Segment Start: DATA BLOCK

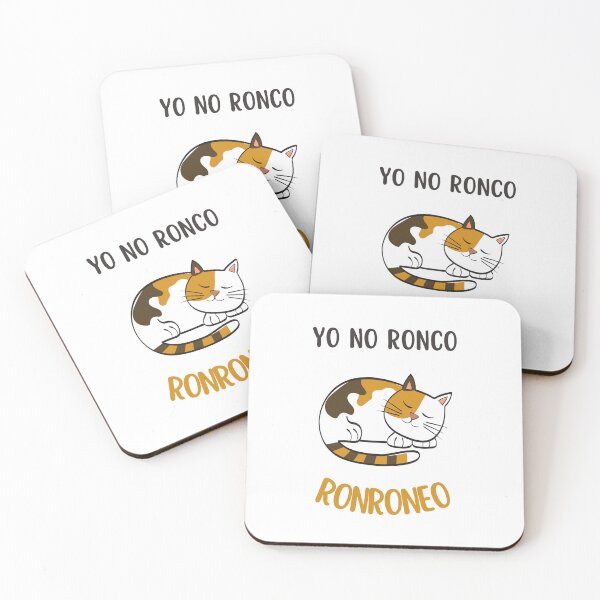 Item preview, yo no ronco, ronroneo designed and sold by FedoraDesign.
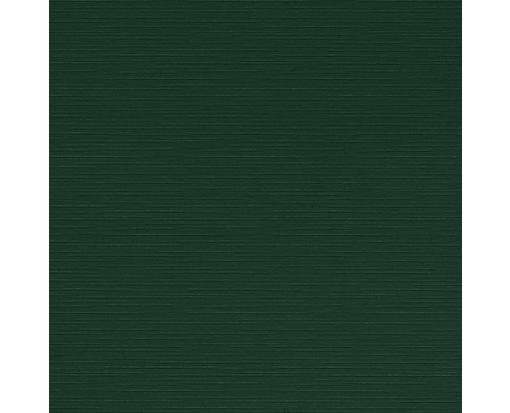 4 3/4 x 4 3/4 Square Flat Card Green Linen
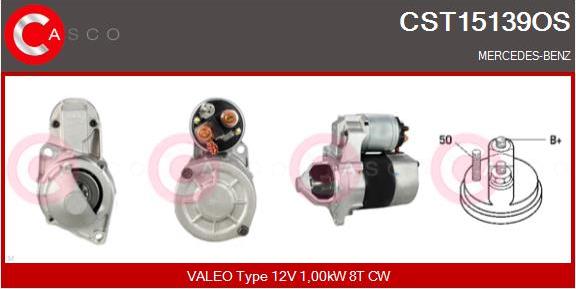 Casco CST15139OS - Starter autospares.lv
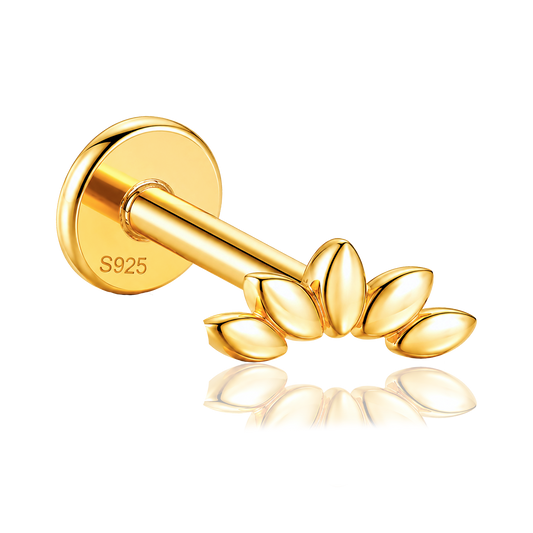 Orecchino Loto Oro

Segment End: DATA BLOCK

◆ PROBLEM DETAILS:
The expected output is the run of lines from the one containing "Casco CST15139OS - Starter autospares.lv" to the last line of the listing above, both included, word for word and free of pictures.

◆ EXERCISE RESULT:
 Casco CST15139OS - Starter autospares.lv
 Orecchino Loto Oro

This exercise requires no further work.